Recently, I have become somewhat confused over this definition since I realized that if, for example, $f$ is defined in spherical coordinates $(r, \theta, \phi)$ , the gradient is given as

$$ \nabla f = \left(\frac{\partial f}{\partial r}, \frac{1}{r} \frac{\partial f}{\partial \theta}, \frac{1}{r \sin \theta} \frac{\partial f}{\partial \phi} \right)$$

rather than

$$ \nabla f = \left(\frac{\partial f}{\partial r}, \frac{\partial f}{\partial \theta}, \frac{\partial f}{\partial \phi} \right)$$

I have two questions regarding this:

  1. Is a scalar-valued function in spherical coordinates still considered to be $f: \mathbb{R}^3 \to \mathbb{R}$, or is $\mathbb{R}^3$ reserved for Cartesian coordinates?
  2. Does the "partial derivative" definition of the gradient in fact require Cartesian coordinates?

Best Answer

It turns out that there are two different but related notions of differentiation for a function $f:\mathbb R^n\to\mathbb R$: the total derivative $df$ and the gradient $\nabla f$.

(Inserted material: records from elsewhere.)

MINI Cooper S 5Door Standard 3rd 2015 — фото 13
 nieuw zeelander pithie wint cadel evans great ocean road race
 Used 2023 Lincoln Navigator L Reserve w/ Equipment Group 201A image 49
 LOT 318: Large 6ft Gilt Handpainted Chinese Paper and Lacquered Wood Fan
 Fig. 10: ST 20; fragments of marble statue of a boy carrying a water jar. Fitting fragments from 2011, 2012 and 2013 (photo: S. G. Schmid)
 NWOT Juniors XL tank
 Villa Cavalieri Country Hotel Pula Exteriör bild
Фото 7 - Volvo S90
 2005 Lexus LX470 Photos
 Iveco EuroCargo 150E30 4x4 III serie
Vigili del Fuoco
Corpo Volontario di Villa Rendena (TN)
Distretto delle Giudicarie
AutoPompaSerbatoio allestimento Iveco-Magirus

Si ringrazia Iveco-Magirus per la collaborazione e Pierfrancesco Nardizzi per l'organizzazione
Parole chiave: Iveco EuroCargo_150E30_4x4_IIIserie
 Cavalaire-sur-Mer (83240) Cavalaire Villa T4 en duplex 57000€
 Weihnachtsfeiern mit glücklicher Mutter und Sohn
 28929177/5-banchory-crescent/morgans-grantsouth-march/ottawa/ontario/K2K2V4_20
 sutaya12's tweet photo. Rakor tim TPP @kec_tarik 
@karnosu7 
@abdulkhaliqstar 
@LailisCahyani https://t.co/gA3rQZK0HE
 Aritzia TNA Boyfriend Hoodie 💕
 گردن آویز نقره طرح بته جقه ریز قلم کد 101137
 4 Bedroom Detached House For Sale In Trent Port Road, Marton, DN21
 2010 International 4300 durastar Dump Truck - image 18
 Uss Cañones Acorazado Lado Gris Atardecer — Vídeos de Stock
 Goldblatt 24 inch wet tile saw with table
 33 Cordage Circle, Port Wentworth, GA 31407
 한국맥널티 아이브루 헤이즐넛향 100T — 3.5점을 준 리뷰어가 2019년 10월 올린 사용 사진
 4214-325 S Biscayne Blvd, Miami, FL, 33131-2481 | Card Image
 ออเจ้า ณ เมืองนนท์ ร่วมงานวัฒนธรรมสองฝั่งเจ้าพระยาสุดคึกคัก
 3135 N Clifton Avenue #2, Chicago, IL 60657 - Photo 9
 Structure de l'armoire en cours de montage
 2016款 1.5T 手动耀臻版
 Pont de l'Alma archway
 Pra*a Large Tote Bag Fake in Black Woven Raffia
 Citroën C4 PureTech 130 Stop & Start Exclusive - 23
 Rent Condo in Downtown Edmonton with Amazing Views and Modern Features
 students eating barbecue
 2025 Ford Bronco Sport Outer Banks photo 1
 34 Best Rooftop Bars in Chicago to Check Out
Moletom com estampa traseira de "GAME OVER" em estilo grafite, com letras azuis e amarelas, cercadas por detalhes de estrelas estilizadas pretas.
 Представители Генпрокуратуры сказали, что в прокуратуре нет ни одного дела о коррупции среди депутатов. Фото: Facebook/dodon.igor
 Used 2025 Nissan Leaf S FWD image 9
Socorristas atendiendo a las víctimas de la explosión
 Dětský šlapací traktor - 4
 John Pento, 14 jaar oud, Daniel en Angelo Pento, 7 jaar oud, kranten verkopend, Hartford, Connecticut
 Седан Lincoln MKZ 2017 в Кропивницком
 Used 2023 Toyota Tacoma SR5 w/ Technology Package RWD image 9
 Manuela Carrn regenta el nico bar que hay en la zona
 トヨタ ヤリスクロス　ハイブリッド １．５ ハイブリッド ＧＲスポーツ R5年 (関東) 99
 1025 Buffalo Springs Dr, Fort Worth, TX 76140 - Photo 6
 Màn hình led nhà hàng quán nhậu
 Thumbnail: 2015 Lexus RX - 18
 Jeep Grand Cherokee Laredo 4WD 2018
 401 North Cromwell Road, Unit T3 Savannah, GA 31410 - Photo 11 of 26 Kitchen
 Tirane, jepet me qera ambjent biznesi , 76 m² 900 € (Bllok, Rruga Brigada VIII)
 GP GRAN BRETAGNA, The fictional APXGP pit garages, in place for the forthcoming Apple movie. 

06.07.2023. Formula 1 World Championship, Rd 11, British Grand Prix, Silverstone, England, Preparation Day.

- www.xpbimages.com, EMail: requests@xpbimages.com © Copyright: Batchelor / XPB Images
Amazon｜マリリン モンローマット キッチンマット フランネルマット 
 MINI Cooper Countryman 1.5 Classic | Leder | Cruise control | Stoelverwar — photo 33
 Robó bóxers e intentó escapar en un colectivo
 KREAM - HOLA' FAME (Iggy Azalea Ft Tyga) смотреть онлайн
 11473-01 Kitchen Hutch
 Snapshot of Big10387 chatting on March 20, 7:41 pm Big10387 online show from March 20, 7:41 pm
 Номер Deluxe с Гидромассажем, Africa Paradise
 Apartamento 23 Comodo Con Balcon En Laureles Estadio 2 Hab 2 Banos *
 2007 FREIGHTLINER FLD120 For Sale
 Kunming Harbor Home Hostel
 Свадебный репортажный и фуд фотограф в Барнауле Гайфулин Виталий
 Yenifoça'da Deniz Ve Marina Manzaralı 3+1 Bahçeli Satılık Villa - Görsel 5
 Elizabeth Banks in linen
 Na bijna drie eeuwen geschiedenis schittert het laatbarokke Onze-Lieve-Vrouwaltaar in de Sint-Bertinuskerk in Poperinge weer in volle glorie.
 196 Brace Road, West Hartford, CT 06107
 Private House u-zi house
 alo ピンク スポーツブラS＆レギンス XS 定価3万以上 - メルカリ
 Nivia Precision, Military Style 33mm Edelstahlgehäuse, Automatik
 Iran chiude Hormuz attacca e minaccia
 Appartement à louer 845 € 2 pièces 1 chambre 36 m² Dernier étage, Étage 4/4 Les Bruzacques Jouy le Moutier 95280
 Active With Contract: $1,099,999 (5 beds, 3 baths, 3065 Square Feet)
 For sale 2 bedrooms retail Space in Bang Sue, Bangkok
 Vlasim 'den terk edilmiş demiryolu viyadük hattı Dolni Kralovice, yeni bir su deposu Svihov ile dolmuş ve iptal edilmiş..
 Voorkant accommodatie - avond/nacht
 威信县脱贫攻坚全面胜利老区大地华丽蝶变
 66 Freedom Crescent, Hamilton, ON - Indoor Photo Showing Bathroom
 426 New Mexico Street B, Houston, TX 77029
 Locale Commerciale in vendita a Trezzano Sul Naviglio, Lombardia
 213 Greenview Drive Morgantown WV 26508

  • The total derivative is a covector ("dual vector", "linear form") and does not depend on the choice of a metric ("measure of length").
  • The gradient is an ordinary vector and derived from the total derivative, but it depends on a metric. That why it looks a bit funny in different coordinate systems.


The definition of the total derivative answers the following question: given a vector $\vec v$, what is the slope of the function $f$ in the direction of $\vec v$? The answer is, of course

$$ df_{x}(\vec v) = \lim_{t\to0} \frac{f(x+t\vec v)-f(x)}{t}$$

I.e. you start at the point $x$ and walk a teensy bit in the direction of $\vec v$ and take note of the ratio $\Delta f/\Delta t$.

Note that the total derivative is a linear map $\mathbb R^n \to \mathbb R$, not a vector in $\mathbb R^n$. Given a vector, it tells you some number. In coordinates, this is usually written as

$$ df = \frac{\partial f}{\partial x}dx + \frac{\partial f}{\partial y}dy + \frac{\partial f}{\partial z}dz $$

where $dx,dy,dz$ are the total derivatives of the coordinate functions, for instance $dx(v_x,v_y,v_z) := v_x$. This formula looks the same in any coordinate system.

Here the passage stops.